Dissemination questions and discusses the concept of nation and its sub-topics such as tradition, origin and identity. Through exchanges of ideas, dialogue and meetings between the artists as well as the local public, this project is an attempt to create a platform that enables multi-layered interpretations and the coexistence of contradictions by breaking up these absolute conceptions.
In the encyclopaedia, “nation” is often described as an “ethnic community“ united by homogeneous characteristics such as a common “history, culture and language which is often situated within a well-defined territory“. This is a narrow description which is quickly surpassed by many nations, regions or countries, such as South Tyrol or in the revaluation of national identity experienced by ex-communist countries of Central Asia, after the collapse of the Soviet Union. Through the shifting territorial landscape, migration and the merging of different cultures it has become difficult to provide a
coherent answer to questions of nationality and origin. Ongoing developments such as globalisation and emigration make the issue even more complex.

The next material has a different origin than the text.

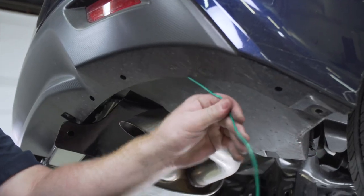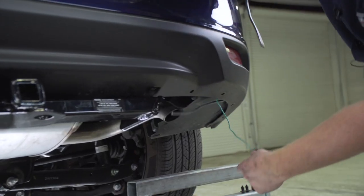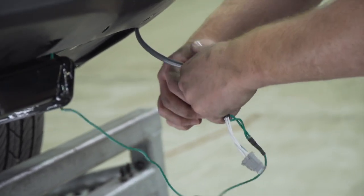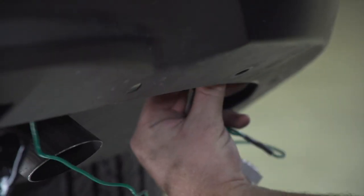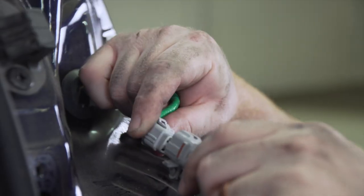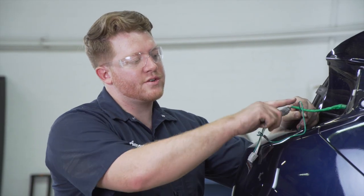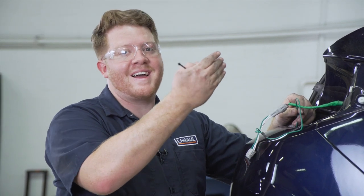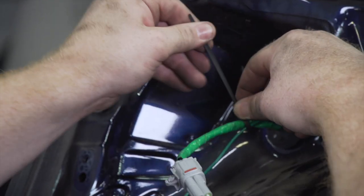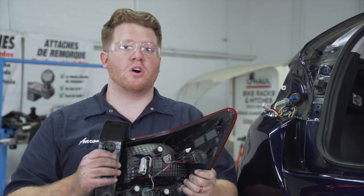Now that we've reached the passenger side, we're going to bring it up to our tail light harness using a pull wire, then plug it into our passenger side tail light. There's a lot of extra green wire and we don't want that slack dropping too low and getting close to the exhaust, so we're going to pull it nice and tight and zip tie it to this harness. With both of our T-connectors plugged in, we're ready to reinstall both of our tail lights.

The term ‘dissemination’ is based on Jaques Derrida’s argument that a text – regardless of how often it is read – can always offer new meaning, thus its possibility for interpretation is inexhaustible. Homi Bhabha, a key figure of the postcolonial theory, works with Derrida’s term to question the notion of ‘nation’ as a static, coherent and absolute construct. He attempts to formulate a complex strategy of cultural identification that allows contradictory localised interpretation of ‘nation’ based on ambivalence and double, or even multiple, perspectives on the subject.
Based on this theory, the exhibition attempts to think beyond narratives of origins and borders, to abandon fixed definitions of ‘nation’ in favour of a space that allows a more fluid, multilayered situation. Instead of “classifying” and “gathering”, the concept therefore plays with the idea of “dissemination” and “spreading”.